Das Wiener Publikum

  • Da fällt mir noch eine Sache ein, zu der ich gerne eure Meinung hätte, auch aus anderen Städten als Wien.


    Bei vielen Interpreten gilt das Wiener Musikpublikum als höchst anspruchsvoll und wird als Prüfstein für die Qualität der Interpreten betrachtet.
    Meine Beobachtungen über 20 Jahren (verglichen mit Veranstaltungsorten wie Graz, Ossiach, London, München und Bayreuth):
    Der Großteil (oder sagen wir der "hörbare" Teil) dieses Publikums ist eher peinlich.
    Es ist ja kein Problem wenn jemand von technischen Dingen nicht soviel Ahnung hat, aber diese Pseudokennerschaften sind mühsam.
    Beispielsweise werden Sänger mit wirklich gutem legato oder sicherem Stimmsitz kaum geschätzt, bei "Schreihälsen" kennt die Begeisterung keine Grenzen.
    Ein Bekannter hat mir das Phänomen erklärt: "Die meisten Menschen hören bei einem guten Sänger die Spitzentöne gar nicht, weil sie als natürlich empfunden werden. Wenn aber jemand ein hohen Ton gerade noch "erbrüllt" wissen alle, daß das eine große, künstlerische Leistung war".
    Eine weitere Sache ist das Reden während der Vorstellung (sehr beliebt gerade im Musikverein).
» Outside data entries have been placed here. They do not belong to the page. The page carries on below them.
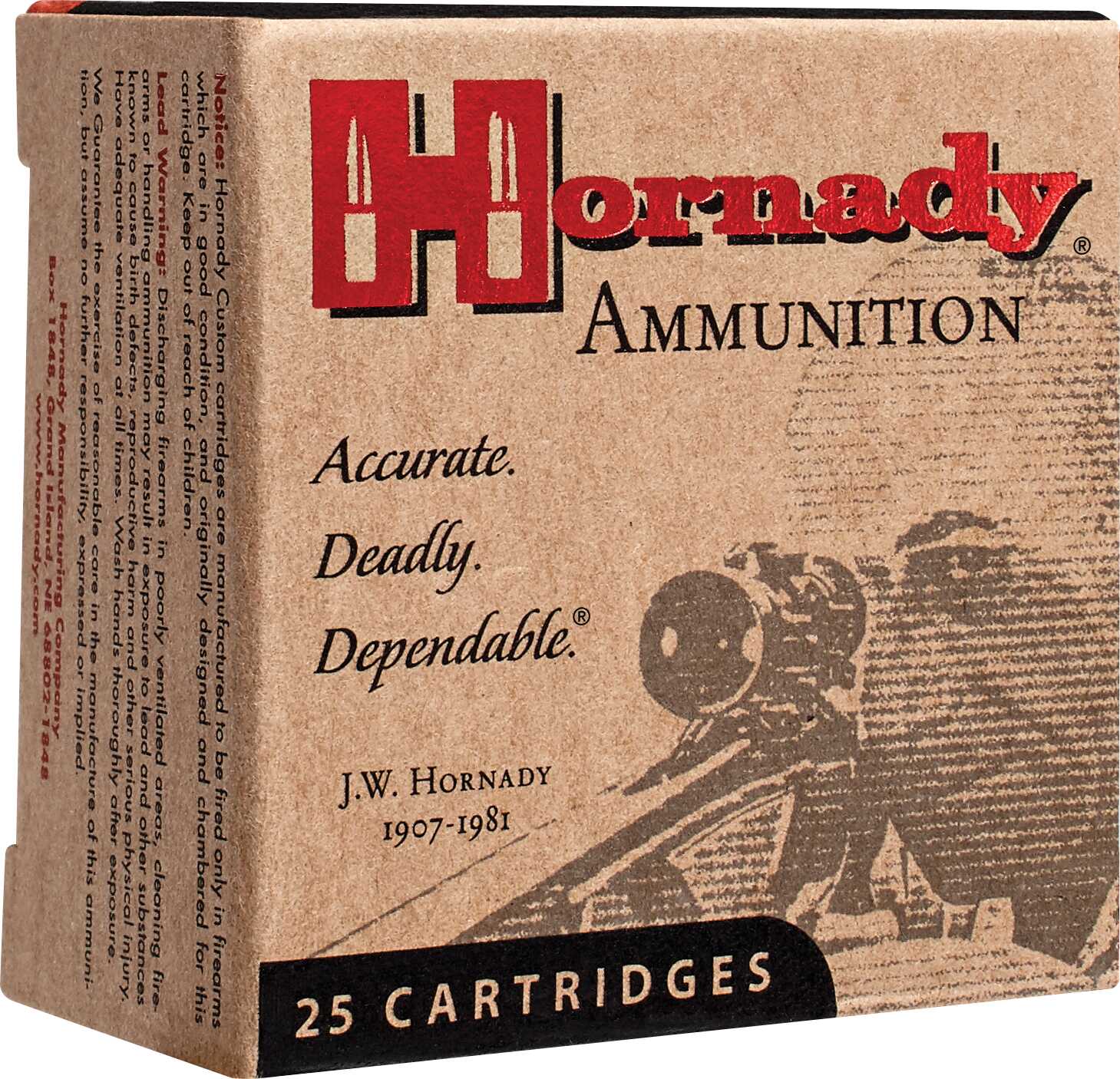 25 ACP 50 Grain Jacketed Hollow Point Rounds Hornady Ammunition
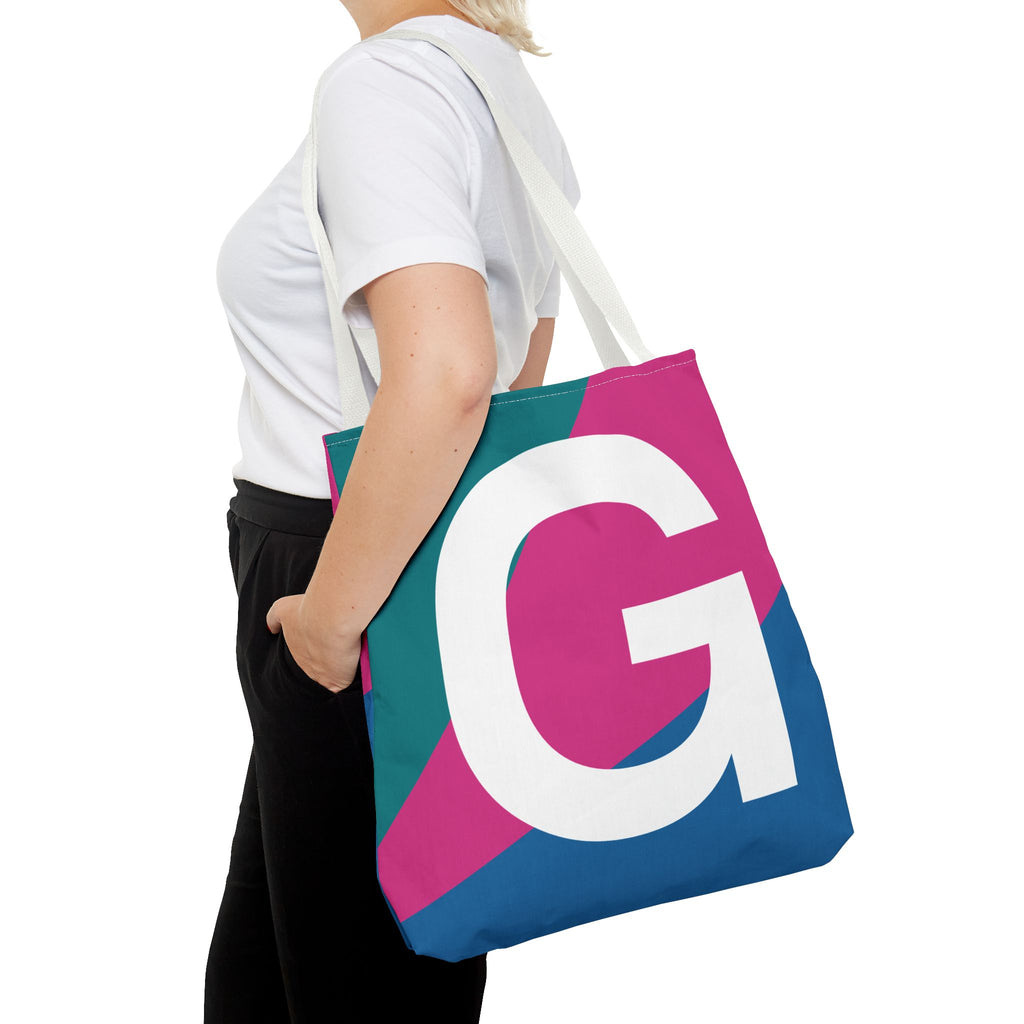 Monogram 'G' Colorblock Tote Bag — Personalized Initial G Shoulder Tote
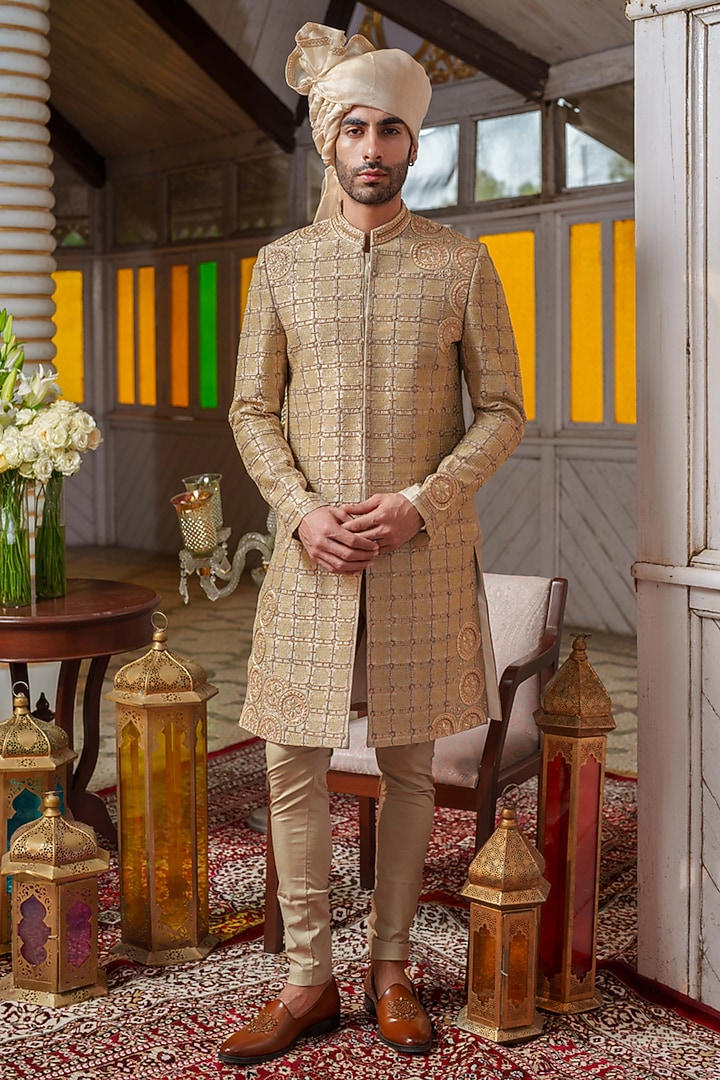 Olive Green Raw Silk Beads & Resham Embroidered Groom Sherwani Set by Amrit Dawani at Pernia's Pop Up Shop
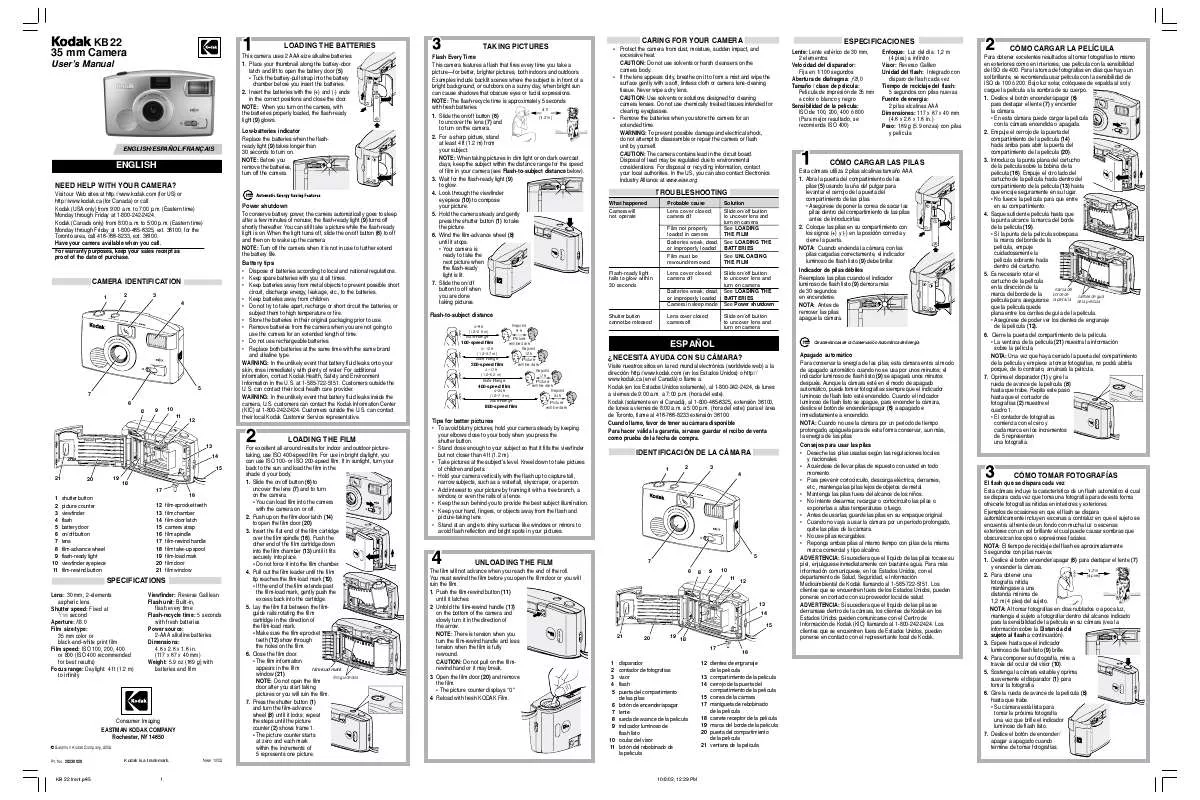 Mode d'emploi KODAK KB22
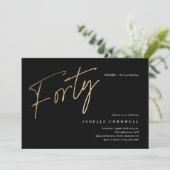 Minimalistisch script zwart en goud 40ste verjaard kaart (Staand voorkant)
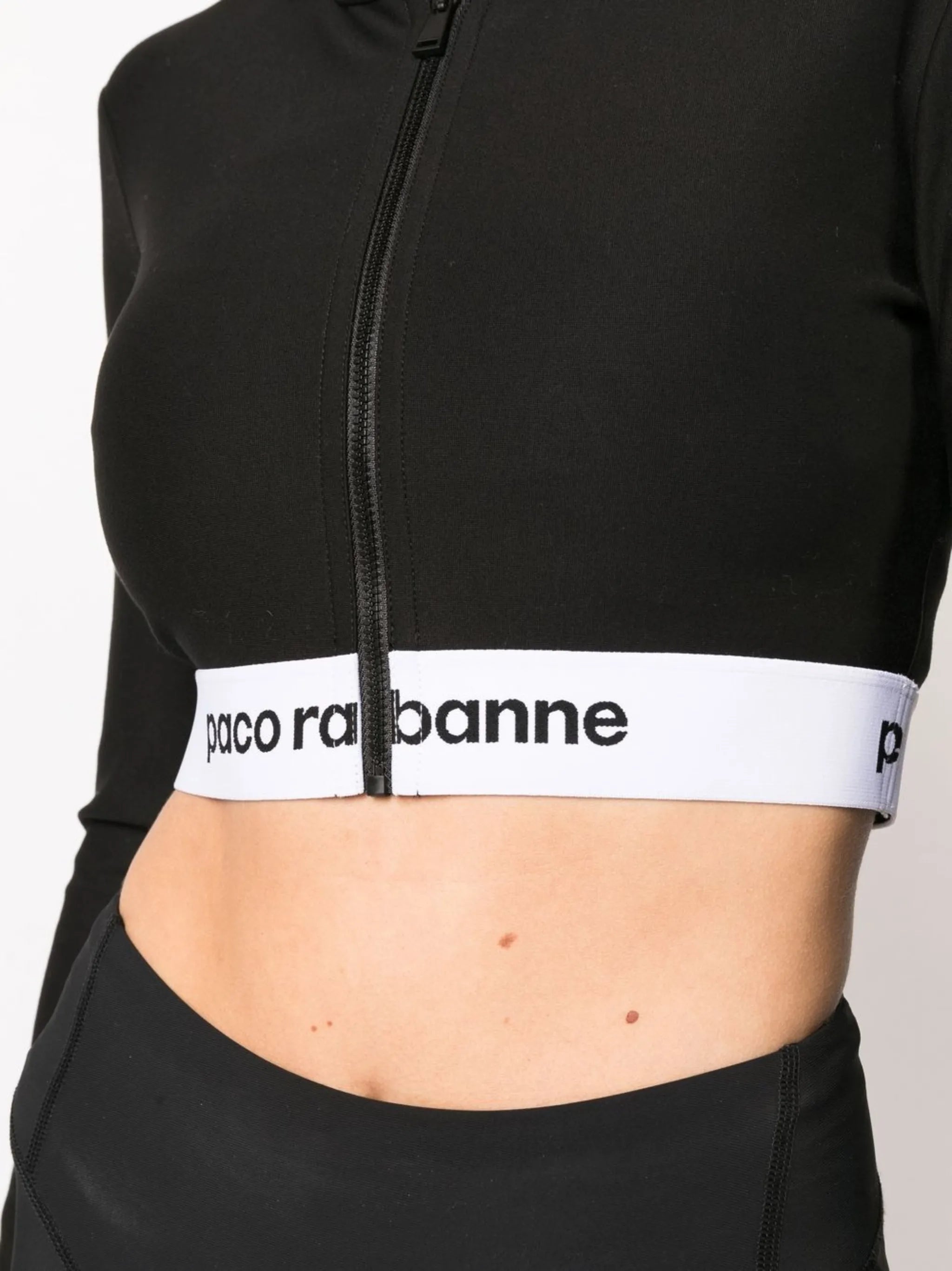 cropped logo-band hoodie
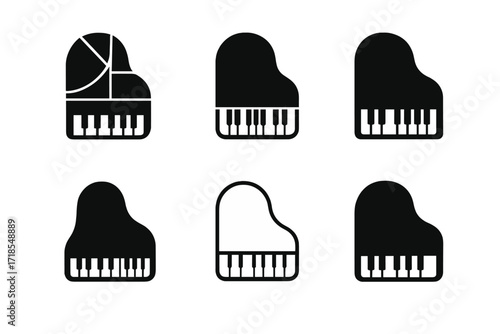 Grand Piano Logos. music legend. Set Logo of music legend: grand piano silhouette. harmonious logo variations of the same emblematic concept, each with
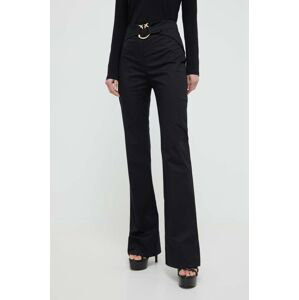 Kalhoty Pinko dámské, černá barva, zvony, high waist, 102263.A1L2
Das knistern, husten und rascheln zwischen den Sätzen (kein Problem wenn jemand husten muß, mit einem Taschentuch lässt sich der Lärm sehr gut dämpfen).
    Dann hätten wir noch das klingeln von Mobiltelefonen (was trotz Tafeln und Warnungen nicht weniger geworden ist) und abschliessend:
    Egal wie eindringlich die Stimmung auch war, sobald der letzte Ton gerade verklungen ist, wird hineingelärmt.
    Vielleicht bin ich überempfindlich, vielleicht ist das normal (und natürlich gehe ich viel öfter hier in Konzert und Oper) aber: Überall anders scheinen mir die Zuhörer sittsamer, verständiger und einfühlsamer.


    Also, wie ist das bei euch (oder hab ich als einziger das Problem ?)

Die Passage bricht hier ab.